(Provided data)

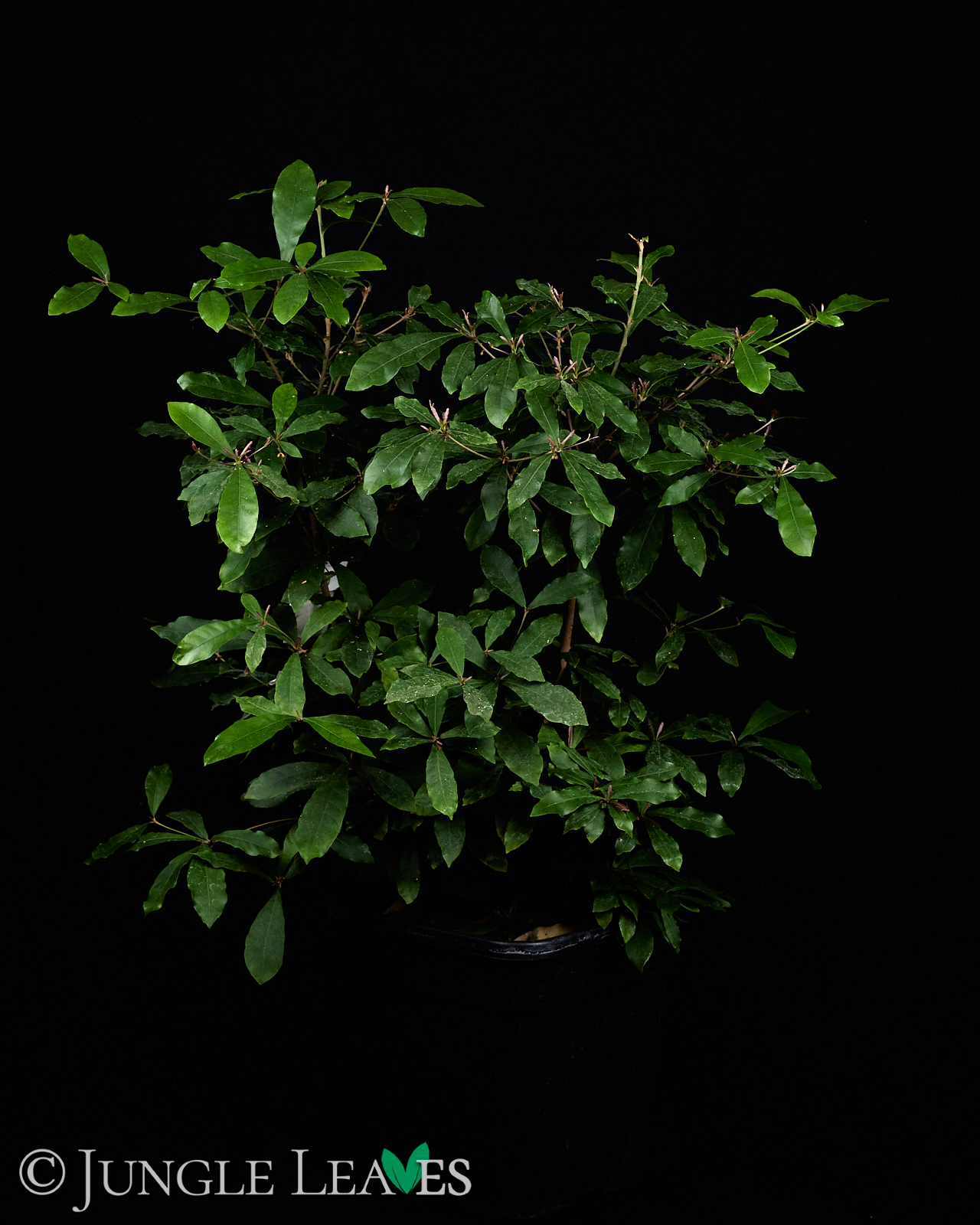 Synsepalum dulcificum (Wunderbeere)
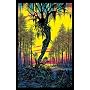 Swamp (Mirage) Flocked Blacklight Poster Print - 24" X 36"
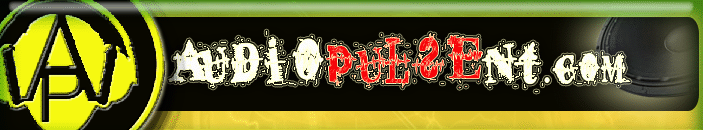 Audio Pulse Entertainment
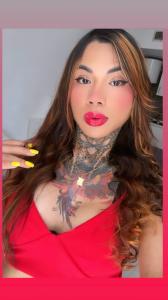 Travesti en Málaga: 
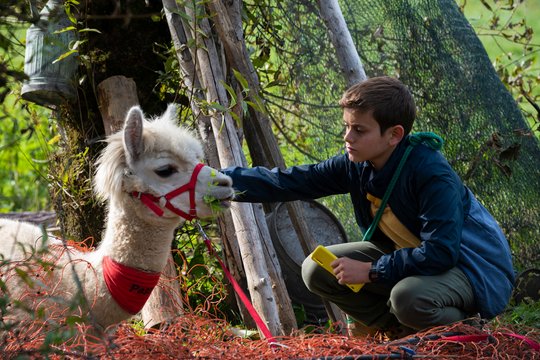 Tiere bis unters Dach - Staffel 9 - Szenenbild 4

(End Provided data)

**What is needed**
Copy out all the data exactly; skip the pictures.

**Output for this exercise**
 Synsepalum dulcificum (Wunderbeere)
 Swamp (Mirage) Flocked Blacklight Poster Print - 24" X 36"
 Audio Pulse Entertainment
 Travesti en Málaga: 
 Tiere bis unters Dach - Staffel 9 - Szenenbild 4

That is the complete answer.